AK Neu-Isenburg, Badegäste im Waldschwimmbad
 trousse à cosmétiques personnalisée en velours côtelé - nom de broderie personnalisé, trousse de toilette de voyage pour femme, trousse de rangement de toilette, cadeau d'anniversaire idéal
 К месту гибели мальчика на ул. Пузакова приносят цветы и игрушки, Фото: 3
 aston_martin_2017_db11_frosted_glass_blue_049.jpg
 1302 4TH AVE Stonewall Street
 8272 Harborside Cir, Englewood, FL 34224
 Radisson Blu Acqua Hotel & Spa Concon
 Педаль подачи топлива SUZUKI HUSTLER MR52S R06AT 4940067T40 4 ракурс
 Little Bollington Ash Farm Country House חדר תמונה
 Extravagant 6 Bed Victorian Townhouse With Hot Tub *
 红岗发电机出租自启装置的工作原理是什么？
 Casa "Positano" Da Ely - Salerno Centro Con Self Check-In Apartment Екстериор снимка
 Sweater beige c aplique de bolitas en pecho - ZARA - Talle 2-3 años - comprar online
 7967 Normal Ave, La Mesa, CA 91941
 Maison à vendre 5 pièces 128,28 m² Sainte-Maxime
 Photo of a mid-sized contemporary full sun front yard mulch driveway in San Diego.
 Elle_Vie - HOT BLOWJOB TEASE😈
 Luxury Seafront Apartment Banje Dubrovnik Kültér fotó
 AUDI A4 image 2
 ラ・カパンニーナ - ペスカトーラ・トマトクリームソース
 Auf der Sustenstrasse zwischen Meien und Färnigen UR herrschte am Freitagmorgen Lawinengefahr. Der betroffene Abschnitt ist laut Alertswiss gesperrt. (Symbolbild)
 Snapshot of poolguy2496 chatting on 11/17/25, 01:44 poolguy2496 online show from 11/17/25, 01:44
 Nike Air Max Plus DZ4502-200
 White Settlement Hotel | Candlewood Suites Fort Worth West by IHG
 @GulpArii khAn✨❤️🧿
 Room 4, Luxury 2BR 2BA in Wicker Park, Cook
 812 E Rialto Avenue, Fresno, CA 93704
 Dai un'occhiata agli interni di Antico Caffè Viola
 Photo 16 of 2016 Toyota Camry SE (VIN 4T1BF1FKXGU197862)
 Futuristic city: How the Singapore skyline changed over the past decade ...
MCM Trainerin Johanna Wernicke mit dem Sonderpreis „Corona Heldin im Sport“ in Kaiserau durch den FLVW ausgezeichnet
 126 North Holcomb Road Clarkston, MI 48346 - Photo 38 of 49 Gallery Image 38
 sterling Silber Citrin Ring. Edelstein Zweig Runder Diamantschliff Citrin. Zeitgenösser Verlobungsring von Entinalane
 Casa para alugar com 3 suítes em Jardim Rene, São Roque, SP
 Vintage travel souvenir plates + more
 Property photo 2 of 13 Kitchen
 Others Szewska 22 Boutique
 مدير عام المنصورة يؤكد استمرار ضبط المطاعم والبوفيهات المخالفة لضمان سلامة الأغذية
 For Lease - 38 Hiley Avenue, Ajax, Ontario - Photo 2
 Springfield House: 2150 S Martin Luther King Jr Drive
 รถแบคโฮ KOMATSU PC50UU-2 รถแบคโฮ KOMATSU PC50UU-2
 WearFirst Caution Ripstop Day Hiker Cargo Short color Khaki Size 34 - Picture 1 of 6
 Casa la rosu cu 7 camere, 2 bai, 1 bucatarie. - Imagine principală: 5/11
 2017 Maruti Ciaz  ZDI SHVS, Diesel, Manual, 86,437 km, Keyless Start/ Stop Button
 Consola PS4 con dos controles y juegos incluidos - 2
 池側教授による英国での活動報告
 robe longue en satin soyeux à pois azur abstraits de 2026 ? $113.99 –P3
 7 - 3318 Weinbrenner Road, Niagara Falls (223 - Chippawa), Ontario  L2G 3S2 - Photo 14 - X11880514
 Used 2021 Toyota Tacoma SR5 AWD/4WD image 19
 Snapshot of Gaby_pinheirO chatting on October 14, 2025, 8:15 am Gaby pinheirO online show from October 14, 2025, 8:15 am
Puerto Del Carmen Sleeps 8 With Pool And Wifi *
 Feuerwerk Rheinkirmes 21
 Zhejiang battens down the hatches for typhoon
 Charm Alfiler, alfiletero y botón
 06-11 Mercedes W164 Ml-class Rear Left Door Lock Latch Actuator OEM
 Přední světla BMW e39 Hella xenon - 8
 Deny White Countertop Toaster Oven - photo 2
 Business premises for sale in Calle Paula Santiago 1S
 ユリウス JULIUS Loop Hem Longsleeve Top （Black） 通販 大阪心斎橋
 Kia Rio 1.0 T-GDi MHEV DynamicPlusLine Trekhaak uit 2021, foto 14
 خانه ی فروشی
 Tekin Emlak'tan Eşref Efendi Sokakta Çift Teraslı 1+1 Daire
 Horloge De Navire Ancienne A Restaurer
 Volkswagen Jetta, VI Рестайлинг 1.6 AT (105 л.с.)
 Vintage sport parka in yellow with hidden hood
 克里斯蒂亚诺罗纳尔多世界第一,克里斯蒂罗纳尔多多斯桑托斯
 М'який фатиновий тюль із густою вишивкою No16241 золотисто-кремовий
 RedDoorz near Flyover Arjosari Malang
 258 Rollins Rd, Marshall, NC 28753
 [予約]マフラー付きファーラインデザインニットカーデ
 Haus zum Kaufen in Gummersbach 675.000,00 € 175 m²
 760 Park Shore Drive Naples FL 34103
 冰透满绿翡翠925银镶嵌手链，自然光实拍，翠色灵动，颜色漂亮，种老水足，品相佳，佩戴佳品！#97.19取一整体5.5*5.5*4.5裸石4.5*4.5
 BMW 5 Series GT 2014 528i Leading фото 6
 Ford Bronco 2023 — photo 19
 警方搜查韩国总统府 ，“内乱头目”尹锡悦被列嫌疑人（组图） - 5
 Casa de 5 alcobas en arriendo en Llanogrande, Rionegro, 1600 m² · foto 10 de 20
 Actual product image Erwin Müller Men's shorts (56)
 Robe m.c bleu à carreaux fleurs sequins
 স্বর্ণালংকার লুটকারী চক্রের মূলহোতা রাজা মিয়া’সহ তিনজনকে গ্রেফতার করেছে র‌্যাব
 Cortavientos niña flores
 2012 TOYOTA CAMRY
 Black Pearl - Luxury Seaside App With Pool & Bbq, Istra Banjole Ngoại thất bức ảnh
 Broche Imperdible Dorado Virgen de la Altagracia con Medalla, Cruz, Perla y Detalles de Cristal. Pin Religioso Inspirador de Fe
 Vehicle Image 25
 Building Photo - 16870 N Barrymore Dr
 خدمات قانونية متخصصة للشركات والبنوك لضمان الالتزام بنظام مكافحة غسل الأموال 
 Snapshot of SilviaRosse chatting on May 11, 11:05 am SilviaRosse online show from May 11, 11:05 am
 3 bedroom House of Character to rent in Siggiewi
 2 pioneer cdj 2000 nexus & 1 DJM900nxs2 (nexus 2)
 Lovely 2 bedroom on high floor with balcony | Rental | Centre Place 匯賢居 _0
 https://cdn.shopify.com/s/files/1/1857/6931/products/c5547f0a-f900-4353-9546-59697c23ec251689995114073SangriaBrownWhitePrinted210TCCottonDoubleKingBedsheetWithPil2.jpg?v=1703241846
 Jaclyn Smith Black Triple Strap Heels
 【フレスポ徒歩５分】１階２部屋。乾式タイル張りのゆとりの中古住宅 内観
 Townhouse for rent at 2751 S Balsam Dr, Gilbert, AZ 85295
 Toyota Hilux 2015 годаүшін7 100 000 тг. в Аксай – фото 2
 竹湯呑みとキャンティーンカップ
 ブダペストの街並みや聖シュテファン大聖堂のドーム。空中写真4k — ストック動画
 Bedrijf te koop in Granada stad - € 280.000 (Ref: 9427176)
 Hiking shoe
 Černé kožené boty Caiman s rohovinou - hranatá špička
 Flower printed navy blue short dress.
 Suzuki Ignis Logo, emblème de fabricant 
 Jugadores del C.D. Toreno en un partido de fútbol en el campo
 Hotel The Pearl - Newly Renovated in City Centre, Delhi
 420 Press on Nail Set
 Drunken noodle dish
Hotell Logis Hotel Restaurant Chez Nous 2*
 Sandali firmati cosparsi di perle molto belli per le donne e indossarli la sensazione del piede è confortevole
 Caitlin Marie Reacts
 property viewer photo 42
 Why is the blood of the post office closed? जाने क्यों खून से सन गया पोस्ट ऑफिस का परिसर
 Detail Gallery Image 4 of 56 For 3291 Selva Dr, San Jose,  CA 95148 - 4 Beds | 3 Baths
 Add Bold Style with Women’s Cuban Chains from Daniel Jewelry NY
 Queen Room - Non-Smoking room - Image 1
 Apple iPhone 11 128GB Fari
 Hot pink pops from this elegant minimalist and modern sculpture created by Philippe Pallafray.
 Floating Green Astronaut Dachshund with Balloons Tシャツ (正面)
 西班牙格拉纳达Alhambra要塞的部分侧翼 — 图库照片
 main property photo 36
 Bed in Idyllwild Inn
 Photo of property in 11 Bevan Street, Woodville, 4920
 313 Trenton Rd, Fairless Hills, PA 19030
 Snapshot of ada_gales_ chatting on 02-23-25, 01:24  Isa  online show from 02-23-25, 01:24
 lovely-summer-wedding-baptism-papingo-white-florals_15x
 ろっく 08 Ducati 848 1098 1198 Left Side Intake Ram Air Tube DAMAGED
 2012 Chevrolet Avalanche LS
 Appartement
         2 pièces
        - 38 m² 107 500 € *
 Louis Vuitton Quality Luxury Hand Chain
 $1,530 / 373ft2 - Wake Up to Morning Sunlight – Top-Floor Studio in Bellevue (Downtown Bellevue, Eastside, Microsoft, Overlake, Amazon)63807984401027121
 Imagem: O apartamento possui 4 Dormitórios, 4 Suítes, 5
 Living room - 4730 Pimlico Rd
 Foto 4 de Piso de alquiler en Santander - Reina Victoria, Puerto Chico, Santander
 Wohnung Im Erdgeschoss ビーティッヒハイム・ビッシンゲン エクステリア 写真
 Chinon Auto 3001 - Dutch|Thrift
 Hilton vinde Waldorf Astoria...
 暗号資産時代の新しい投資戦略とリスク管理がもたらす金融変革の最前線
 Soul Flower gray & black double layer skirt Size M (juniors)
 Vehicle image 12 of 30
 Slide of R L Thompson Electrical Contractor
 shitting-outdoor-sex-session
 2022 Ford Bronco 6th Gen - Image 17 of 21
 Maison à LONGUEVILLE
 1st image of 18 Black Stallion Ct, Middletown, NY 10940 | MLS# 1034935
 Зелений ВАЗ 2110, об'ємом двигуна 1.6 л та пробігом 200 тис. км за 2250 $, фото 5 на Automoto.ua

Exercise details » Please copy every line from the entries that includes the word "show".

Result for this task »
 Snapshot of poolguy2496 chatting on 11/17/25, 01:44 poolguy2496 online show from 11/17/25, 01:44
 Snapshot of Gaby_pinheirO chatting on October 14, 2025, 8:15 am Gaby pinheirO online show from October 14, 2025, 8:15 am
 Snapshot of SilviaRosse chatting on May 11, 11:05 am SilviaRosse online show from May 11, 11:05 am
 Snapshot of ada_gales_ chatting on 02-23-25, 01:24  Isa  online show from 02-23-25, 01:24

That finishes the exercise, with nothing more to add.